基本的な要請
出典: フリー百科事典『ウィキペディア(Wikipedia)』 (2022/07/07 09:27 UTC 版)
詳細は「量子力学の数学的定式化」を参照 量子力学における基本的な要請とその数理的な表現について以下に述べる(これについては、フォンノイマンの「量子力学の数学的基礎」以外にも、伏見康治が電子ファイル公開の「確率論及統計論」で整理している)。 シュレーディンガー方程式やハイゼンベルクの運動方程式によって量子力学的な問題を取り扱う場合、物理量は作用素(さようそ、英: operator)として扱われる。量子力学の個々の問題はその基本方程式の解として得られる状態によって特徴付けられ、測定され得る物理量の具体的な振る舞いは、対応する物理量の作用素をある状態に作用させることによって知ることができる。作用素は演算子とも呼ばれ、演算子によって記述される量子力学の様式は演算子形式と呼ばれる。作用素および状態が持つ一般的な性質は、それらが満たすべき物理的な要請によって与えられる。 量子力学では、ある物理量の値が確定した状態をその物理量に対する固有状態(こゆうじょうたい、英: eigenstate)と呼ぶ。固有状態は物理量を表す作用素の固有関数(こゆうかんすう、英: eigenfunction)として表され、物理量の値は固有関数の対応する固有値(こゆうち、英: eigenvalue)に結び付けられる。 ある系が取り得る物理量の値の確率分布は具体的な系の状態によって決定される。この確率分布に関する規則はボルンの規則と呼ばれる。この系の状態はある物理量の固有状態の重ね合わせによって表すことができ、系に対して複数の物理量が与えられている場合は、それぞれの物理量に対して、その固有状態の線型結合によって系の状態の表すこともできる。 物理量作用素の固有値が実数であることや、状態の固有状態による展開が常に可能なことは、物理量に対応する作用素が自己共役作用素(じこきょうやくさようそ、英: self-adjoint operator)であることに集約される。量子力学では観測や測定が古典論にもまして重要な意味を持っているため、「物理量」というような抽象的な呼称の代わりにオブザーバブル(英: observable)、「観測可能なもの」と呼ぶことがある。量子力学において自己共役作用素となるべきものは、このオブザーバブルとされている。 ある物理量を測定し、その測定値を得た場合に、すぐさま同じ測定を続けて行うことを考えると、2回目の測定についてはその直前の測定によって、測定したい物理量に関するほとんど同時刻における完全な知識が得られている。
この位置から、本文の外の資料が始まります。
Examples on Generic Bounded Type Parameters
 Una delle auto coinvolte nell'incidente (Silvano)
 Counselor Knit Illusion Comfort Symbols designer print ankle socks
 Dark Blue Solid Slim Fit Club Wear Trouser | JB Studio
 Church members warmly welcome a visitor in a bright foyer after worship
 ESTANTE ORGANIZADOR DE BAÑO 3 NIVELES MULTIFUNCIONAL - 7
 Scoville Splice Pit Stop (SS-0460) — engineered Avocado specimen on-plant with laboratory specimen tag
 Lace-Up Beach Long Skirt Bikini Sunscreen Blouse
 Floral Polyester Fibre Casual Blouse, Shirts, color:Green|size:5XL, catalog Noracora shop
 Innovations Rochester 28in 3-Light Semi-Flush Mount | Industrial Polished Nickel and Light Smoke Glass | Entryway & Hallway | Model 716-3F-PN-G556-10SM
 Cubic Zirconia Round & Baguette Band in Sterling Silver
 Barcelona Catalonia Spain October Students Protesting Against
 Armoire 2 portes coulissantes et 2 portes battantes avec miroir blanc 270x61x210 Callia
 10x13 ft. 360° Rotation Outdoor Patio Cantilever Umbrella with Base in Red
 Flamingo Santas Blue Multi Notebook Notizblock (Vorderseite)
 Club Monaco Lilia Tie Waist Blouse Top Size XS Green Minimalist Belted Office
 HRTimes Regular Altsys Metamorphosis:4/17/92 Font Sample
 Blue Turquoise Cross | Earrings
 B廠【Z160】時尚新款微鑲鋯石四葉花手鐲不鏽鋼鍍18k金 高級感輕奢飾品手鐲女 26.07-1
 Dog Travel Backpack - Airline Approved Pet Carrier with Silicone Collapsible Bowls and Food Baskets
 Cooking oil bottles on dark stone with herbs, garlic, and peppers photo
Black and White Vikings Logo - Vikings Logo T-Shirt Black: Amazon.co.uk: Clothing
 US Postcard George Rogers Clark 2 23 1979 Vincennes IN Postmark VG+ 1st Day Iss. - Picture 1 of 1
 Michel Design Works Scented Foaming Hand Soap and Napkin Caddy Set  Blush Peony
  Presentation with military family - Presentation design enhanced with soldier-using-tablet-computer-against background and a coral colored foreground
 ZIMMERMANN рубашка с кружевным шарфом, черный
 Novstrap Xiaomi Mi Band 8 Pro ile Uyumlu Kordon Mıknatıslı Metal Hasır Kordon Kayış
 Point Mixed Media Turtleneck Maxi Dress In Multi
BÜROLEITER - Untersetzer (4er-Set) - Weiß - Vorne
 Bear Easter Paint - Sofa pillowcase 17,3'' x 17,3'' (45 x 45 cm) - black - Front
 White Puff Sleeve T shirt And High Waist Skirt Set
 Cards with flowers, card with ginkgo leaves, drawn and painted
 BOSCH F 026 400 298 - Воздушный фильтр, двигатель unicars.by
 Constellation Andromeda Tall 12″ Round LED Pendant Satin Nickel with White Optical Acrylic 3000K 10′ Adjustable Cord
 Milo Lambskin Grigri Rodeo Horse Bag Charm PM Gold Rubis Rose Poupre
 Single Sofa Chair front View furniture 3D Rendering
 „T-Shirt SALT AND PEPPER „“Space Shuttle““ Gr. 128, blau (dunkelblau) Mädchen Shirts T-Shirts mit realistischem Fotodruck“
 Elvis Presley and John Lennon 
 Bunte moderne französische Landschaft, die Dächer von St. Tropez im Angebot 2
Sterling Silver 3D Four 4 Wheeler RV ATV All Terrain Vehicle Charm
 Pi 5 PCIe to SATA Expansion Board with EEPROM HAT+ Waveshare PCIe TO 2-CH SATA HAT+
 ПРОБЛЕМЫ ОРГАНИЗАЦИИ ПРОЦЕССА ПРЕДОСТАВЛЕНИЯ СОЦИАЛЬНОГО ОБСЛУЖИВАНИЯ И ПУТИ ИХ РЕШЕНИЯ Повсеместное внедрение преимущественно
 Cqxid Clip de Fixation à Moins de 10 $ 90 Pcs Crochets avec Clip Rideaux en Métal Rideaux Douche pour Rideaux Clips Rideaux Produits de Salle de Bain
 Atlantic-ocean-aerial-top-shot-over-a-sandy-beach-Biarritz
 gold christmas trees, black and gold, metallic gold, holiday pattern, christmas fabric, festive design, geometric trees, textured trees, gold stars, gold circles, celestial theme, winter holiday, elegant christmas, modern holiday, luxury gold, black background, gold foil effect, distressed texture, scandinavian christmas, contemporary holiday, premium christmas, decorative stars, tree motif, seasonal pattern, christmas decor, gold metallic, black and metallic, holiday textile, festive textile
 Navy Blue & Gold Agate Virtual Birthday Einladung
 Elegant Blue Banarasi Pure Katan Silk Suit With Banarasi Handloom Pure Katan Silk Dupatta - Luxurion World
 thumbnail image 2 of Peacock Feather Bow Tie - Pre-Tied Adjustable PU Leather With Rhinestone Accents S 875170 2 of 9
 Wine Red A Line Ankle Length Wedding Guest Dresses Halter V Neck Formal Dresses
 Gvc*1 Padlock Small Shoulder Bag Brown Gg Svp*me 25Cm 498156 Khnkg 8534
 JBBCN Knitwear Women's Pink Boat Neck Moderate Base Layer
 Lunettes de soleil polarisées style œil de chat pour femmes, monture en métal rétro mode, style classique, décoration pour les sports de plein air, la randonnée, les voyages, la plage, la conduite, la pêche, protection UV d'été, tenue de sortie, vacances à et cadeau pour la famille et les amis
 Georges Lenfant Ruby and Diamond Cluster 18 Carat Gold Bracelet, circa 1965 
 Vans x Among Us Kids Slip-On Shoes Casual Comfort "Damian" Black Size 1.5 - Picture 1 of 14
そのため、2回目の測定値は1回目の測定値と必ず一致することが期待される。測定に関する状態の役割はボルンの規則によって規定されるべきであることから、この1回目の測定後の系の量子状態は、測定値に対応する固有状態になっていることが要求される。このことは、系の状態を波動関数によって表せば、空間に広がっていた波動関数が測定によって、ディラックのデルタ関数のようなある一点に局在した形へと瞬間的に収縮することを示している。この現象は波束の収縮と呼ばれ、波束の収縮を起こすような測定は射影測定と呼ばれる。また上述の測定に関する仮定を射影仮説(しゃえいかせつ、英: projection postulate)と呼ぶ。 演算子形式の量子力学は、以下の5つが閉じた有限自由度系の純粋状態の量子論の基本原理となっている。 状態は、ある複素ヒルベルト空間の規格化されたベクトルで表される。 オブザーバブルは、複素ヒルベルト空間上の自己共役作用素で表される。 ボルンの規則 時間発展はシュレーディンガー方程式で表される。 射影仮説(波束の収縮) ただし、量子力学の基本原理の表し方には、他に経路積分形式などもある。